WORK TASK:
Your copy should repeat the data that follows exactly and contain no image.

DATA SEGMENT:
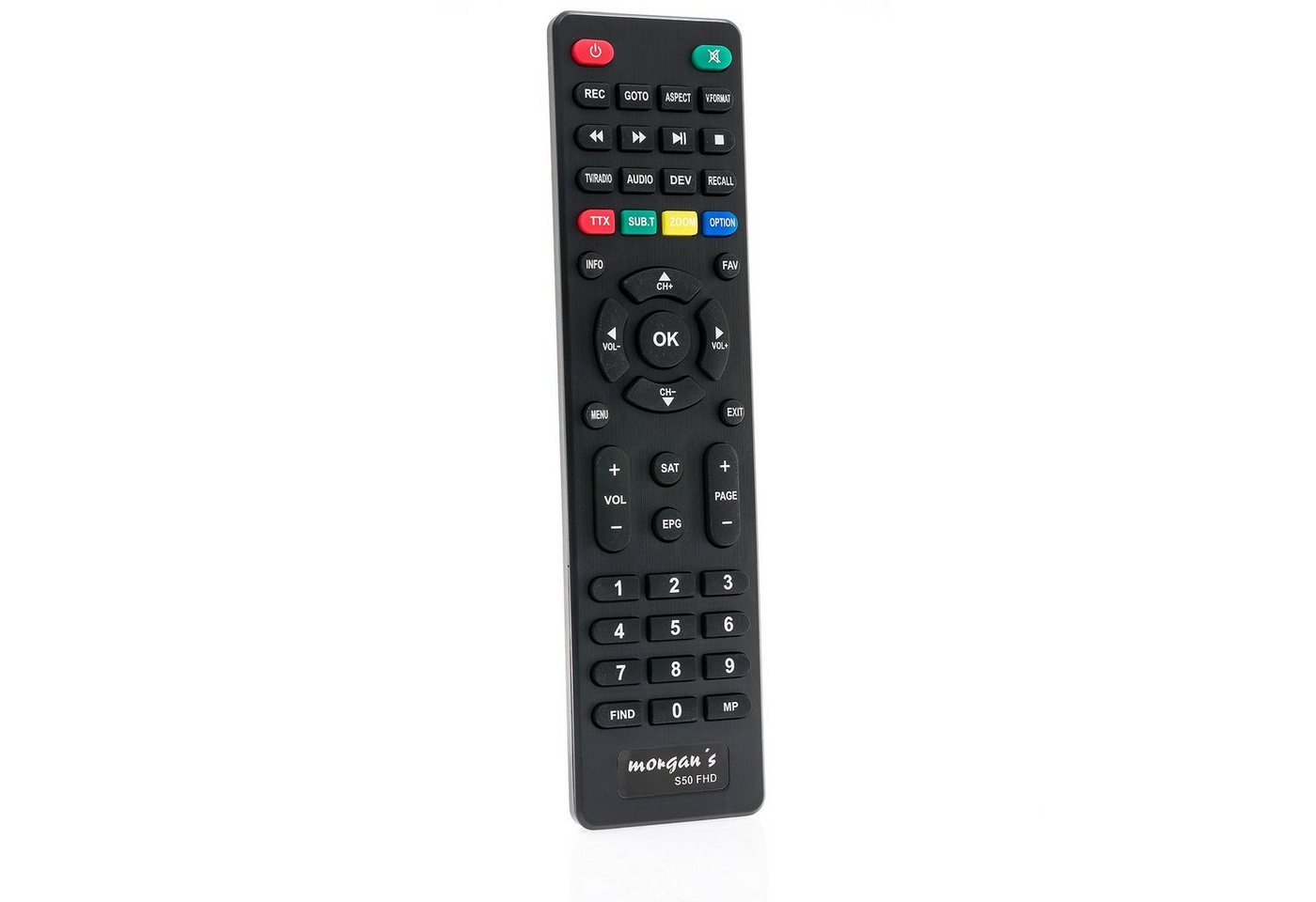 MORGAN Fernbedienung morgan‘s S50 FHD digitaler Satelliten Receiver Fernbedienung MORGAN Fernbedienung morgan‘s S50 FHD digitaler Satelliten Receiver Fernbedienung von MORGAN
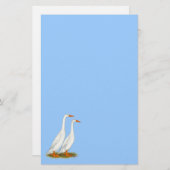 White Runner Ducks Briefpapier (Voorkant / Achterkant)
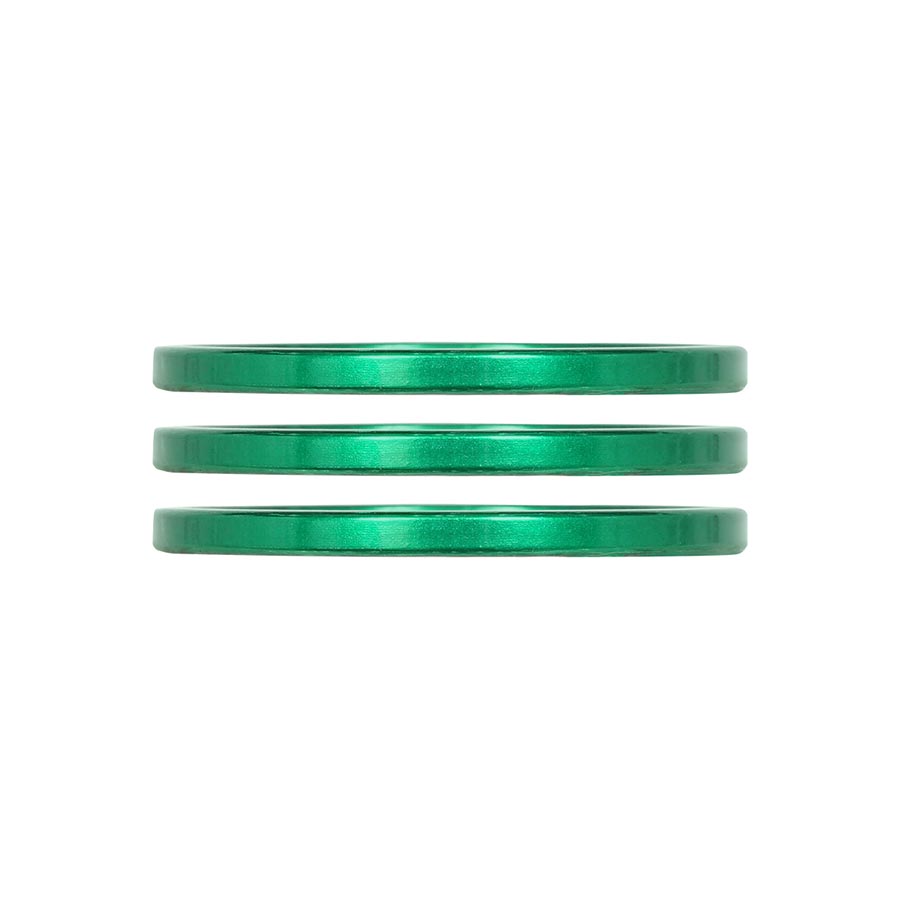 Espaciador de dirección Industry Nine iRiX - Altura de 1-1/8'': 2.5mm Aluminio Verde (3pcs)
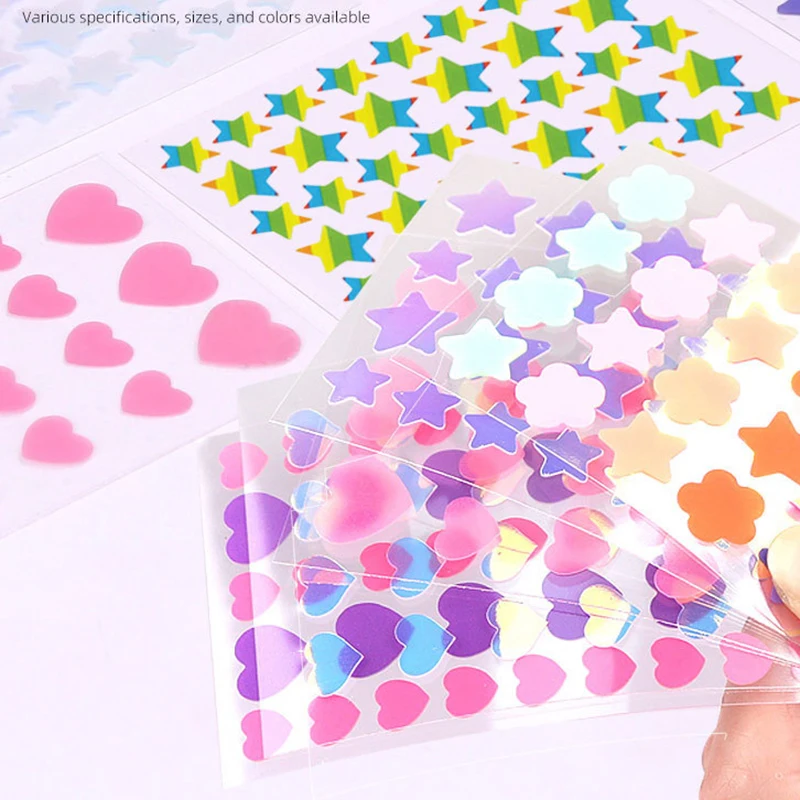 Patchs Acné Zit en Forme d'Étoile, Autocollants de Soins de la Peau, Hydrocolloïde Coloré, Points, lèvent, Absorption de Bain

ANSWER FOR THIS EXERCISE:
 MORGAN Fernbedienung morgan‘s S50 FHD digitaler Satelliten Receiver Fernbedienung MORGAN Fernbedienung morgan‘s S50 FHD digitaler Satelliten Receiver Fernbedienung von MORGAN
 White Runner Ducks Briefpapier (Voorkant / Achterkant)
 Espaciador de dirección Industry Nine iRiX - Altura de 1-1/8'': 2.5mm Aluminio Verde (3pcs)
 Patchs Acné Zit en Forme d'Étoile, Autocollants de Soins de la Peau, Hydrocolloïde Coloré, Points, lèvent, Absorption de Bain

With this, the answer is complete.